Given data
--

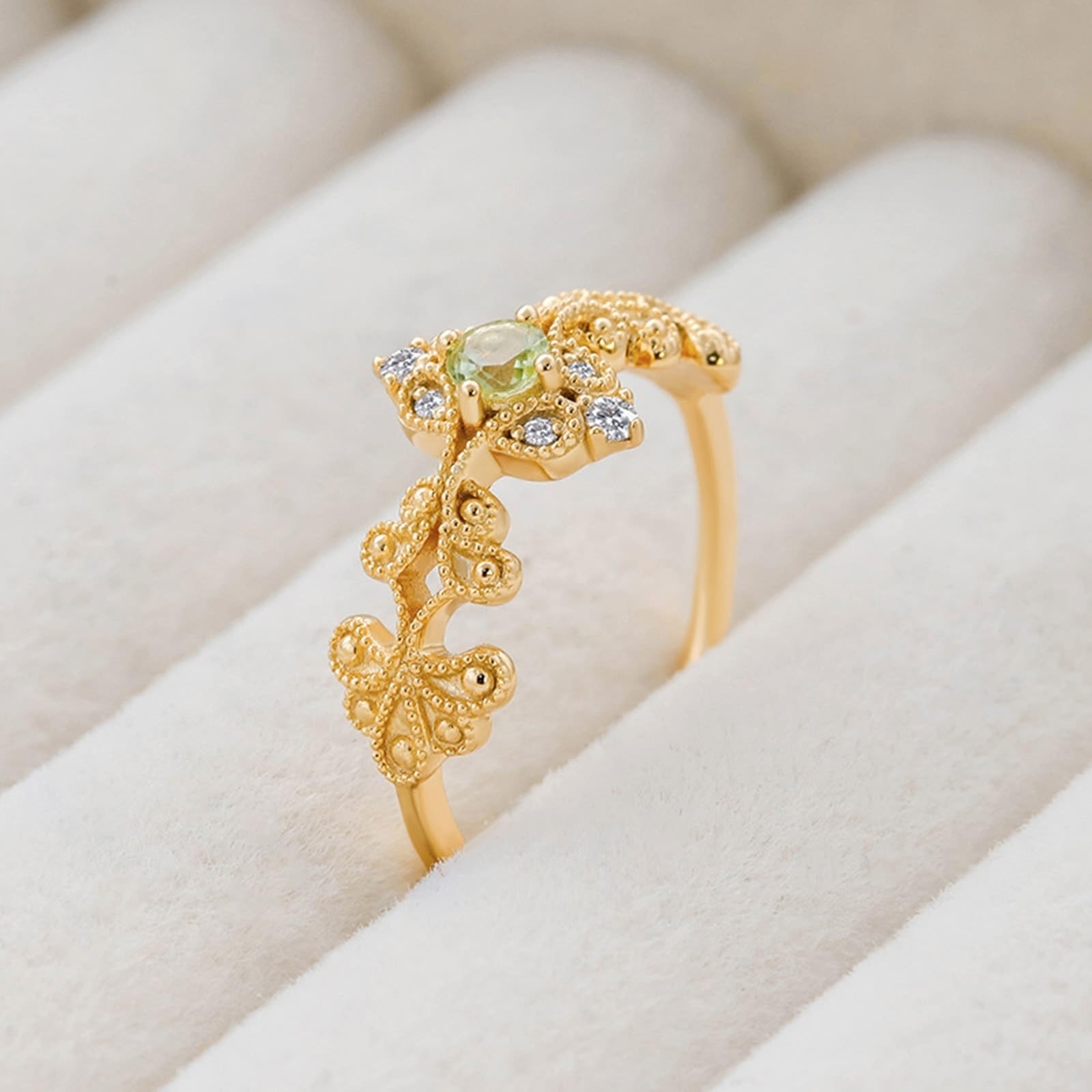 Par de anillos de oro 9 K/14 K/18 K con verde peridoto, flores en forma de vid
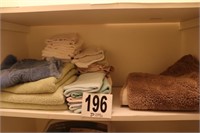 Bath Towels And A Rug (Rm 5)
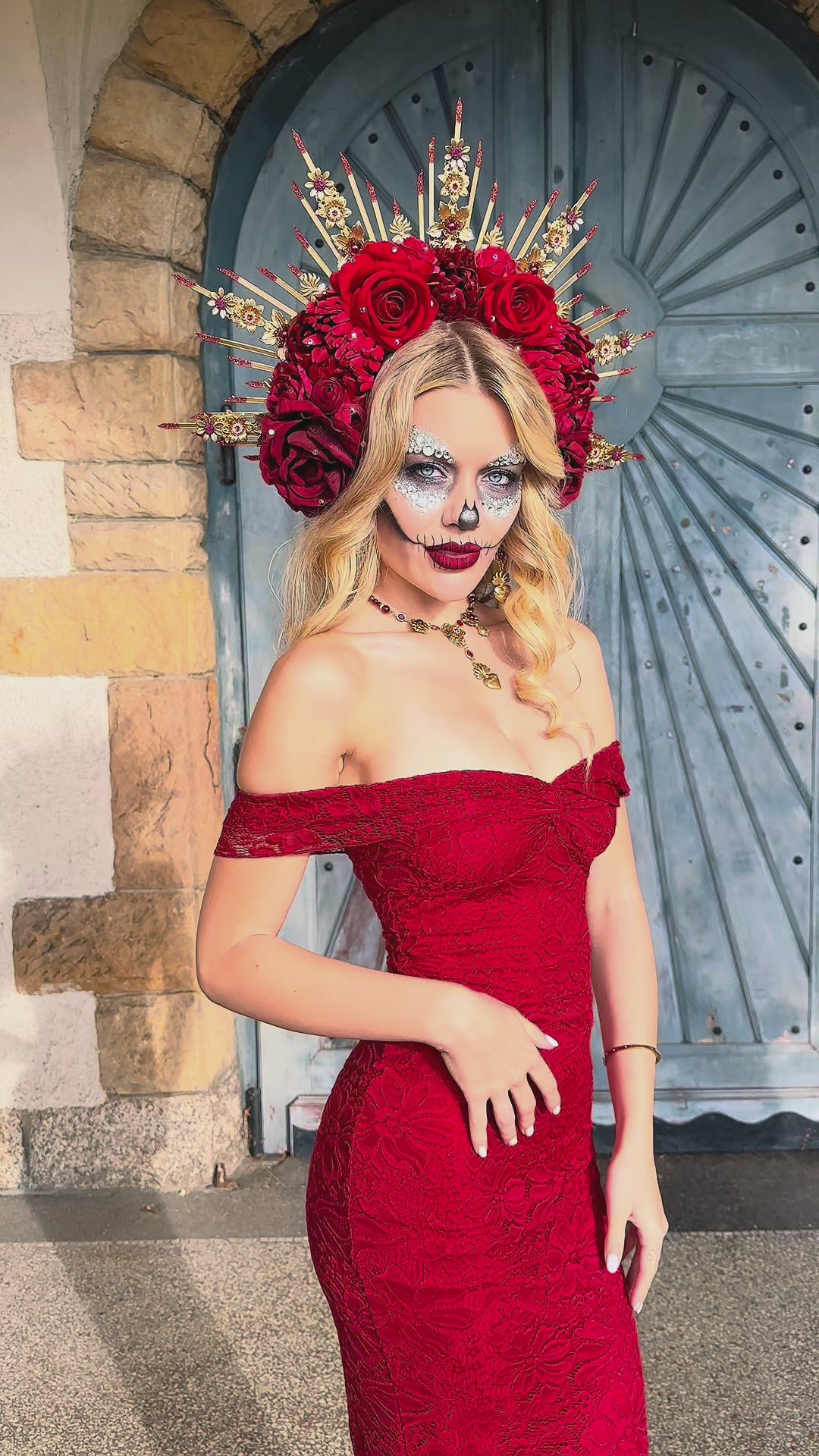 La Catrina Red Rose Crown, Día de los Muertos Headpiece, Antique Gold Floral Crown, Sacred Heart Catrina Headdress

--

Your instructions
Could you retype exactly, and only, the lines running from the one with "Bath Towels And A Rug (Rm 5)" to the last line of the listing, while leaving any pictures out?

Result of this exercise
 Bath Towels And A Rug (Rm 5)
 La Catrina Red Rose Crown, Día de los Muertos Headpiece, Antique Gold Floral Crown, Sacred Heart Catrina Headdress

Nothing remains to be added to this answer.